What you will do –
Retyping the entries exactly is all that is required.

Entries supplied –
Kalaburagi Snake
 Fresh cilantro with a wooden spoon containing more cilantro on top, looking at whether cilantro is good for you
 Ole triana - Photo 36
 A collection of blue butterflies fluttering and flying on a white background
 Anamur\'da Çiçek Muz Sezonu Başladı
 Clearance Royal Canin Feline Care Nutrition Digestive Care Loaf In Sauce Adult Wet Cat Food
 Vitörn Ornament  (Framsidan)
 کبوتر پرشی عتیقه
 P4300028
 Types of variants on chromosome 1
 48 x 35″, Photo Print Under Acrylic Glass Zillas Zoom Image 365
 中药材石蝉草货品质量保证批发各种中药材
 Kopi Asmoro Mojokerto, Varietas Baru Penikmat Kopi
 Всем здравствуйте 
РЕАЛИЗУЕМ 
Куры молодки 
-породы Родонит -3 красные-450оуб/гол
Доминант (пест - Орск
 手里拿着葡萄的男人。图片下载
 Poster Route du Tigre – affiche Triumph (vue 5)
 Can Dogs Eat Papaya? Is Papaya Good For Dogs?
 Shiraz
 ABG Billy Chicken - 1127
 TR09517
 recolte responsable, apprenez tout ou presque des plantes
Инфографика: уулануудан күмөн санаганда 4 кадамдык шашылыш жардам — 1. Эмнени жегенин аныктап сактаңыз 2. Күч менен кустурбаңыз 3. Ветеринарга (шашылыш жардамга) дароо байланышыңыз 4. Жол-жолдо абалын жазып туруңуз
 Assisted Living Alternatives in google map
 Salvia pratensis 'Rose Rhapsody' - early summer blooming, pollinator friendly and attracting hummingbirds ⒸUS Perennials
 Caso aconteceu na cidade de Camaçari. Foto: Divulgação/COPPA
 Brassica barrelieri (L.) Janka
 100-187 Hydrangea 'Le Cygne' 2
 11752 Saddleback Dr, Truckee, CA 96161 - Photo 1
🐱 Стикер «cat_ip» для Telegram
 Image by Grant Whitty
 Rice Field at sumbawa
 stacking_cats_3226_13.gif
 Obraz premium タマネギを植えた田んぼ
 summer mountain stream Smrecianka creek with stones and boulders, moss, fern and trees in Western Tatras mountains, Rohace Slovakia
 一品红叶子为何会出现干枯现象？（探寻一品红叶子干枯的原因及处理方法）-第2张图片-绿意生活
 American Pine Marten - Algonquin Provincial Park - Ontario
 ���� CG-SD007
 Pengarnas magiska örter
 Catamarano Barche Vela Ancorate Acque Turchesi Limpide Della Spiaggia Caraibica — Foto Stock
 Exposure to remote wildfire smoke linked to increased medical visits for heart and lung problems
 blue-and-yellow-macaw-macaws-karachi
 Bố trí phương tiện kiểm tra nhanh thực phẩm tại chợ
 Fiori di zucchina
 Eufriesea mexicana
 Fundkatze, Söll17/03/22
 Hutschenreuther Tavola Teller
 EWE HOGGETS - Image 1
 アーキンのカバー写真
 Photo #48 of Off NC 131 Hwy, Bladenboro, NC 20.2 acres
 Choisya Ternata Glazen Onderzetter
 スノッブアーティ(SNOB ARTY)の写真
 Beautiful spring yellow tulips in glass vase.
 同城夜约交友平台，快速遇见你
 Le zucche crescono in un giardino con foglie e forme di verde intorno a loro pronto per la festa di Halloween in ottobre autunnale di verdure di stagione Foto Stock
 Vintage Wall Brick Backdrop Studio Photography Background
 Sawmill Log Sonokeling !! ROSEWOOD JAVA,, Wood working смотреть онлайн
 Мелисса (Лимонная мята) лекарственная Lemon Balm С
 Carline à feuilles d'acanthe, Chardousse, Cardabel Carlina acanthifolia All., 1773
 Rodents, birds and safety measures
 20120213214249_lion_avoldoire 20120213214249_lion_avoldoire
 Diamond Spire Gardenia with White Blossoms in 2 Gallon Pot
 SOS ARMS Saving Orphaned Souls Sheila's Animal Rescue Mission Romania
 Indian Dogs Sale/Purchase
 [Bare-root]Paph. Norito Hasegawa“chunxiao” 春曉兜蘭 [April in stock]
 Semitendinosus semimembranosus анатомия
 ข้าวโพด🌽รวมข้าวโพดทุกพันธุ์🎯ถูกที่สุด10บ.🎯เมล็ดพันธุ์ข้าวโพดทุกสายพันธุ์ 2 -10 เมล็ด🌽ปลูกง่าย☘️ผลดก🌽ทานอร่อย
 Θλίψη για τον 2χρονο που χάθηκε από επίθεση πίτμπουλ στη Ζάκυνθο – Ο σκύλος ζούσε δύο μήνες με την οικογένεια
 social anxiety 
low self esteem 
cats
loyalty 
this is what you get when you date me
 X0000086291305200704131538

Finished task –
Kalaburagi Snake
 Fresh cilantro with a wooden spoon containing more cilantro on top, looking at whether cilantro is good for you
 Ole triana - Photo 36
 A collection of blue butterflies fluttering and flying on a white background
 Anamur\'da Çiçek Muz Sezonu Başladı
 Clearance Royal Canin Feline Care Nutrition Digestive Care Loaf In Sauce Adult Wet Cat Food
 Vitörn Ornament  (Framsidan)
 کبوتر پرشی عتیقه
 P4300028
 Types of variants on chromosome 1
 48 x 35″, Photo Print Under Acrylic Glass Zillas Zoom Image 365
 中药材石蝉草货品质量保证批发各种中药材
 Kopi Asmoro Mojokerto, Varietas Baru Penikmat Kopi
 Всем здравствуйте 
РЕАЛИЗУЕМ 
Куры молодки 
-породы Родонит -3 красные-450оуб/гол
Доминант (пест - Орск
 手里拿着葡萄的男人。图片下载
 Poster Route du Tigre – affiche Triumph (vue 5)
 Can Dogs Eat Papaya? Is Papaya Good For Dogs?
 Shiraz
 ABG Billy Chicken - 1127
 TR09517
 recolte responsable, apprenez tout ou presque des plantes
Инфографика: уулануудан күмөн санаганда 4 кадамдык шашылыш жардам — 1. Эмнени жегенин аныктап сактаңыз 2. Күч менен кустурбаңыз 3. Ветеринарга (шашылыш жардамга) дароо байланышыңыз 4. Жол-жолдо абалын жазып туруңуз
 Assisted Living Alternatives in google map
 Salvia pratensis 'Rose Rhapsody' - early summer blooming, pollinator friendly and attracting hummingbirds ⒸUS Perennials
 Caso aconteceu na cidade de Camaçari. Foto: Divulgação/COPPA
 Brassica barrelieri (L.) Janka
 100-187 Hydrangea 'Le Cygne' 2
 11752 Saddleback Dr, Truckee, CA 96161 - Photo 1
🐱 Стикер «cat_ip» для Telegram
 Image by Grant Whitty
 Rice Field at sumbawa
 stacking_cats_3226_13.gif
 Obraz premium タマネギを植えた田んぼ
 summer mountain stream Smrecianka creek with stones and boulders, moss, fern and trees in Western Tatras mountains, Rohace Slovakia
 一品红叶子为何会出现干枯现象？（探寻一品红叶子干枯的原因及处理方法）-第2张图片-绿意生活
 American Pine Marten - Algonquin Provincial Park - Ontario
 ���� CG-SD007
 Pengarnas magiska örter
 Catamarano Barche Vela Ancorate Acque Turchesi Limpide Della Spiaggia Caraibica — Foto Stock
 Exposure to remote wildfire smoke linked to increased medical visits for heart and lung problems
 blue-and-yellow-macaw-macaws-karachi
 Bố trí phương tiện kiểm tra nhanh thực phẩm tại chợ
 Fiori di zucchina
 Eufriesea mexicana
 Fundkatze, Söll17/03/22
 Hutschenreuther Tavola Teller
 EWE HOGGETS - Image 1
 アーキンのカバー写真
 Photo #48 of Off NC 131 Hwy, Bladenboro, NC 20.2 acres
 Choisya Ternata Glazen Onderzetter
 スノッブアーティ(SNOB ARTY)の写真
 Beautiful spring yellow tulips in glass vase.
 同城夜约交友平台，快速遇见你
 Le zucche crescono in un giardino con foglie e forme di verde intorno a loro pronto per la festa di Halloween in ottobre autunnale di verdure di stagione Foto Stock
 Vintage Wall Brick Backdrop Studio Photography Background
 Sawmill Log Sonokeling !! ROSEWOOD JAVA,, Wood working смотреть онлайн
 Мелисса (Лимонная мята) лекарственная Lemon Balm С
 Carline à feuilles d'acanthe, Chardousse, Cardabel Carlina acanthifolia All., 1773
 Rodents, birds and safety measures
 20120213214249_lion_avoldoire 20120213214249_lion_avoldoire
 Diamond Spire Gardenia with White Blossoms in 2 Gallon Pot
 SOS ARMS Saving Orphaned Souls Sheila's Animal Rescue Mission Romania
 Indian Dogs Sale/Purchase
 [Bare-root]Paph. Norito Hasegawa“chunxiao” 春曉兜蘭 [April in stock]
 Semitendinosus semimembranosus анатомия
 ข้าวโพด🌽รวมข้าวโพดทุกพันธุ์🎯ถูกที่สุด10บ.🎯เมล็ดพันธุ์ข้าวโพดทุกสายพันธุ์ 2 -10 เมล็ด🌽ปลูกง่าย☘️ผลดก🌽ทานอร่อย
 Θλίψη για τον 2χρονο που χάθηκε από επίθεση πίτμπουλ στη Ζάκυνθο – Ο σκύλος ζούσε δύο μήνες με την οικογένεια
 social anxiety 
low self esteem 
cats
loyalty 
this is what you get when you date me
 X0000086291305200704131538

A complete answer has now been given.